NovelToon NovelToon

Gadis Pilihan Ummi

Kejadian Setelah Pemakaman

Kehidupan dan kematian tidak ada yang tahu seperti hari ini. Shofiyah beserta anaknya menghadiri pemakaman dari keluarga sang besan. Sekaligus keluarga angkatnya.

Dia tengah bersedih karena adik angkat yang begitu dia sayangi menghembuskan nafas terakhirnya dirumah sakit semalam ketika dia menjenguknya seakan dia hanya ingin menitipkan pesan kepadanya.

"Aku akan menjaga anakmu dengan sangat baik seperti janjiku padamu dek, semoga Allah menempatkanmu ditempat peristirahatan terindah yaitu Syurganya.

Dia memandang ibah pada gadis cantik yang tengah meratapi kepergian sang ibu dengan linangan air mata yang tak ada hentinya. Dia tahu betapa terpukulnya dirinya kerena kini semua yang dia sayangi telah pergi meninggalkan nya.

"Kamu yang sabar yah nak, kamu tidak sendirian, ummi akan menjaga kamu seperti janji ummi semalam pada bundamu". Ucap Shofiyah memeluk putri satu-satunya adik angkatnya ini dengan sayang.

Dia sudah menganggap gadis ini sebagai anaknya dan juga sangat menyayangi nya sejak dirinya masih kecil. Gadis sabar dengan sejuta pesona tapi tetap rendah hati.

"Maafkan bundaku jika dia memiliki kesalahan ummi, terima kasih karena mau mengabulkan permintaannya sebelum dirinya pergi". Safa memeluk sang ibu angkat yang dia sayangi.

Dia memang sangat dekat dengan Shofiyah dan juga kedua anak perempuannya walau mereka berbeda umur.

"Iya nak, ummi sudah memaafkannya, kamu sabar yah, doakan dia semoga Allah memberikan dia tempat terbaik disisinya". Shofiyah memeluk snag calon mantu itu.

Dia memang berjanji untuk menjaganya sampai nanti dan akan dia jadikan menantu di keluarganya tepatnya untuk sang anak Ammar karena dari segi usia dialah yang cocok untuknya.

"Terima kasih ummi, maafkan Safa selalu merepotkan ummi dan keluarga". Ucapnya menunduk.

" Tidak sayang, kamu tidak pernah merepotkan ummi karena kamu juga anak ummi". Shofiyah memandang Safa dengan penuh ketulusan meyakinkan jika dia memang menyayangi gadis cantik ini.

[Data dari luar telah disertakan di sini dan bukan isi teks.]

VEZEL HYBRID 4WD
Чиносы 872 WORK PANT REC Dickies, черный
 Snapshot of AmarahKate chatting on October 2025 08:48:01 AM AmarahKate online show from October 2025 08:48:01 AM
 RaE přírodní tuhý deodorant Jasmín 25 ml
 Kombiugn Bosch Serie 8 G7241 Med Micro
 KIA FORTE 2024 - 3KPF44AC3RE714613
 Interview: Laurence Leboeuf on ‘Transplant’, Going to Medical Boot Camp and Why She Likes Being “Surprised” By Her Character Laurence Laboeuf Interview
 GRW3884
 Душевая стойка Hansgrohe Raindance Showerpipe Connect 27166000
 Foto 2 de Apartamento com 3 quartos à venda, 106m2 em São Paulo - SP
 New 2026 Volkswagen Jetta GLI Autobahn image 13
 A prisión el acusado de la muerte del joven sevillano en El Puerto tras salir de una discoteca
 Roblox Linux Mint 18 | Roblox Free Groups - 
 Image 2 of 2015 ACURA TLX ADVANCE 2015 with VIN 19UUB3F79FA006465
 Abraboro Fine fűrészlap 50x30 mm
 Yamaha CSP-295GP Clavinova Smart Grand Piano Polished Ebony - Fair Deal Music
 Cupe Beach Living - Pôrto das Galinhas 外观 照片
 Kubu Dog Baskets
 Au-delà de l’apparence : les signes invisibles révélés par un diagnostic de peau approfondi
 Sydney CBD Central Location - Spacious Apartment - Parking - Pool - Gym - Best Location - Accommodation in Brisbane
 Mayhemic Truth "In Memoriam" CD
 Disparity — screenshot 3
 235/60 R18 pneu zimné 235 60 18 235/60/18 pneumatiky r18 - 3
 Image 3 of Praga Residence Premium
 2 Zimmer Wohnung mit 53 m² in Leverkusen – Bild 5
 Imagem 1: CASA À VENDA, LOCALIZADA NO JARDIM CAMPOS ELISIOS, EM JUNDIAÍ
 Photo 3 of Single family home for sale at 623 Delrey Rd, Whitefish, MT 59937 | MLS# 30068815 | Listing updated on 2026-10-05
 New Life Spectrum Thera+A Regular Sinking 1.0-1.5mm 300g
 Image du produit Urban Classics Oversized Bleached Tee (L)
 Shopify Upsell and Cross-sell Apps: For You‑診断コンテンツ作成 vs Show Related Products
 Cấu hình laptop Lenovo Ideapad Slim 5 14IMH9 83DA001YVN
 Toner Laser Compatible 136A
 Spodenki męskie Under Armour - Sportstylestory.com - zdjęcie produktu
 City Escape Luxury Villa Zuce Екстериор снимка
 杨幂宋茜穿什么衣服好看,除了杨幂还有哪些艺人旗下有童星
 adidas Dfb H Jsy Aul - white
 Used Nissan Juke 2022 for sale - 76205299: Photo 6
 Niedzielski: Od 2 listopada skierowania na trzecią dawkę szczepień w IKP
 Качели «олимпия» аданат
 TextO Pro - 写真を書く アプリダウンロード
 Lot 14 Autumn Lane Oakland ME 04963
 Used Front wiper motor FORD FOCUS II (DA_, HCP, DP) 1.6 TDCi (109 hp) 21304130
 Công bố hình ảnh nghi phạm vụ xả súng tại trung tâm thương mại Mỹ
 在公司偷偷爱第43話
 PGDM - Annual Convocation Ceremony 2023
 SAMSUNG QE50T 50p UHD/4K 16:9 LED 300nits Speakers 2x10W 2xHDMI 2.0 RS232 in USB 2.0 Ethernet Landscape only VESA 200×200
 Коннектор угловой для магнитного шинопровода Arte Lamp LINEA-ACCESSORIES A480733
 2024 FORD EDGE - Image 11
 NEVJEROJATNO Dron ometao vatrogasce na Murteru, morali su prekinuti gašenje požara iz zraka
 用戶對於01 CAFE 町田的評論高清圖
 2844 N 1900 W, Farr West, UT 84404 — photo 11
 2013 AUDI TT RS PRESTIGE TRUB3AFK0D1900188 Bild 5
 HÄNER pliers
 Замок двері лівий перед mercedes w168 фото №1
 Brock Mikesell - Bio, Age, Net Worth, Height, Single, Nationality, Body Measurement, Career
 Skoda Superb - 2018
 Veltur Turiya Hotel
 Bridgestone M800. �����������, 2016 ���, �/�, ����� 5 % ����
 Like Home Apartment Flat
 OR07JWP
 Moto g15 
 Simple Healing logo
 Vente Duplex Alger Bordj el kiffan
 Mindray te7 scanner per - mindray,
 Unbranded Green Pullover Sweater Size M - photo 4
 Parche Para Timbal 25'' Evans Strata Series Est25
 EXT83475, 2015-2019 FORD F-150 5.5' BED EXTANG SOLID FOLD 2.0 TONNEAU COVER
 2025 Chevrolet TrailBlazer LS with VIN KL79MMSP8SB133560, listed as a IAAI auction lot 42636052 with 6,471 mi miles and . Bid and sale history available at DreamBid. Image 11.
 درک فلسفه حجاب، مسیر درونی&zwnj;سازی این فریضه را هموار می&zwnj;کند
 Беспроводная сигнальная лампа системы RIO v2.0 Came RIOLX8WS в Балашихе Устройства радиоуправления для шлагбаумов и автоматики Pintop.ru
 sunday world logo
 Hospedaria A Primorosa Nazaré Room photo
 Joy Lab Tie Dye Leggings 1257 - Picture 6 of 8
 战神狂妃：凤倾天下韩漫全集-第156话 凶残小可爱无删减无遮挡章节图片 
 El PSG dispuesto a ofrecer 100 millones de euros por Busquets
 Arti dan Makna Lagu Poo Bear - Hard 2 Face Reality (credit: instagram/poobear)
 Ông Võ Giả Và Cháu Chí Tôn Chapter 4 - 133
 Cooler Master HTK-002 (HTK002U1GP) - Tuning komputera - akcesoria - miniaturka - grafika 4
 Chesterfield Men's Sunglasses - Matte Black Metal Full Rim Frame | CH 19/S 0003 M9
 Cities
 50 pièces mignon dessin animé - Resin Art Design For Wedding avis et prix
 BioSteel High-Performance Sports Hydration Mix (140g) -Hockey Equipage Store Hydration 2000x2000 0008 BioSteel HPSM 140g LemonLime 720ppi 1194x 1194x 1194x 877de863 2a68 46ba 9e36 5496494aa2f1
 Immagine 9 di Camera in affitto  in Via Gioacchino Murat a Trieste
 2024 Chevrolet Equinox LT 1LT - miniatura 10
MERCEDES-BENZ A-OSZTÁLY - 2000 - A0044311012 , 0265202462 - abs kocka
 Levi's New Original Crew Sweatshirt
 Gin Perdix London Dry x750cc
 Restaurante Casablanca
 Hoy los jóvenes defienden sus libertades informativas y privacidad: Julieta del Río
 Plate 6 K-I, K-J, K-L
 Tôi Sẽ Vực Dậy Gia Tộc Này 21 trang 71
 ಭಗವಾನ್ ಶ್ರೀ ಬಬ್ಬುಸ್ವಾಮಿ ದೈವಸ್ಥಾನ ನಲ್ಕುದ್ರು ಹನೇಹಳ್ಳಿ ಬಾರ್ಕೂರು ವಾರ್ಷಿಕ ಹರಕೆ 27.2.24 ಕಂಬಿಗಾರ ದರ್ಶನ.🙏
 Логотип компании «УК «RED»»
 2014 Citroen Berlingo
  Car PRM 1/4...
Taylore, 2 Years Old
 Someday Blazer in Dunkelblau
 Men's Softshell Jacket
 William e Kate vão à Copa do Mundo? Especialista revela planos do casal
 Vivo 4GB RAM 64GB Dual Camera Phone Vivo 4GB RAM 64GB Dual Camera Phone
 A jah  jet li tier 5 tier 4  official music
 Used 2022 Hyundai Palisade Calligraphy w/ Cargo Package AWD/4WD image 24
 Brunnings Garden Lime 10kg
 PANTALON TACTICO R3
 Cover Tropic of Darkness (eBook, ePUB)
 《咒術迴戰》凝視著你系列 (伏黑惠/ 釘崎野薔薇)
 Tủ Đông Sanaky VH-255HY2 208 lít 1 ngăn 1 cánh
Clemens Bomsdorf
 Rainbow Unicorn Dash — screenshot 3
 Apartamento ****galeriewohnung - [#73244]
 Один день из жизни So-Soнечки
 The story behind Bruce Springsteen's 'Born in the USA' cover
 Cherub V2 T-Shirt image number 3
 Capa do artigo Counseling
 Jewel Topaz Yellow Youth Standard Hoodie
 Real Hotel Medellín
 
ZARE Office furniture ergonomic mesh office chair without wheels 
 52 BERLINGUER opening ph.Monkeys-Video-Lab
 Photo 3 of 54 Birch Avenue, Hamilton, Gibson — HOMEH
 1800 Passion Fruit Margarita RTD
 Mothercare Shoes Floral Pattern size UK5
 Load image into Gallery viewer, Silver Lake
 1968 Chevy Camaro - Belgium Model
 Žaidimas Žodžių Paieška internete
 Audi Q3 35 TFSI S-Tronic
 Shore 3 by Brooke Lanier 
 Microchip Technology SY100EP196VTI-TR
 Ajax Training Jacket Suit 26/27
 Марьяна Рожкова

Safa memandang nanar gundukan tanah tempat peristirahatan terakhirnya, kini dia akan menghadapi sikap egois sang abang sendirian tanpa bantuan orangtuanya seperti biasanya.

Setelah pemakaman mereka semua pulang kerumah, Shofiyah menyuruh seluruh anaknya pulang tapi menahan Ammar dan Umar untuk bersamanya sedangkan sang suami dan ketiga anknya dia suruh pulang. Dia akan menemani gadis cantik ini dengan penuh perhatian karena dia tahu setelah ini akan ada masalah yang menderanya.

"Berikan rumah ini dan juga mobil serta tanah warisan mereka kepadaku". Suara bariton membuyarkan lamunan mereka tentang pemakaman tadi.

Disana memang banyak keluarga yang menemani, termasuk sang Besan, Kak Gibran dan istri serta menantunya.

" Kau tidak perasaan sedikit saja??, bunda baru saja dimakamkan dan kau sudah meminta warisan, kau gila yah??". Teriaknya dengan tidak terkendali.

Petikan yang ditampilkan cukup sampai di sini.